どれがどんな特徴のモノなのか分からないので、とりあえず目についた5品を購入してきました。
写真左上の白い包みはレバーペーストです。牛バラにレバー30%混ぜてあるそうです。
右上は、すみません。手作りソーセージとは全く関係ないのですが、イタリア製のトマトベースの瓶詰め『CLASのブルスケッタ』です。これは手書きのポップの文言に惹かれて購入しました。ひき肉と炒めてバンズに挟み、ハンバーガーにすると美味しいそうです。
中央左の5本入りの白いソーセージは、『ドイツウインナ(金賞)』。豚と牛の合挽で造った絹挽きソーセージです。
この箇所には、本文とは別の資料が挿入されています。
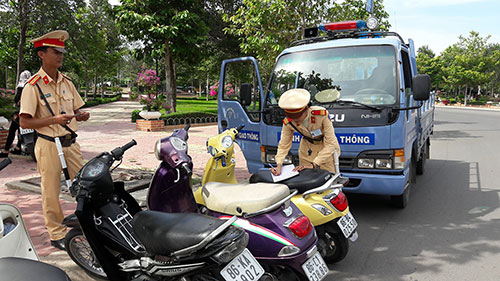 Bình Thuận Nỗ lực đạt các mục tiêu đảm bảo an toàn giao thông 3 tháng cuối năm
中央右の赤いソーセージは『ケーゼブルスト(金賞)』。ゴーダチーズを粒でいれた、粗挽きソーセージです。
一番下の3本入りの白いソーセージは、『フランクフルタ(金賞)』。オールポークで造る絹挽きソーセージです。
まず、白いソーセージのフランクフルタとドイツウインナですが、どちらも絹挽きというだけあり、とろけるような食感が特徴です。ドイツでは白ソーセージは皮をむいて中身だけを食べるそうで、確かに中身のなめらかな口当たりに対して皮が厚く硬いため、皮ごと食べるとせっかくの食感が半減してしまうような気もします。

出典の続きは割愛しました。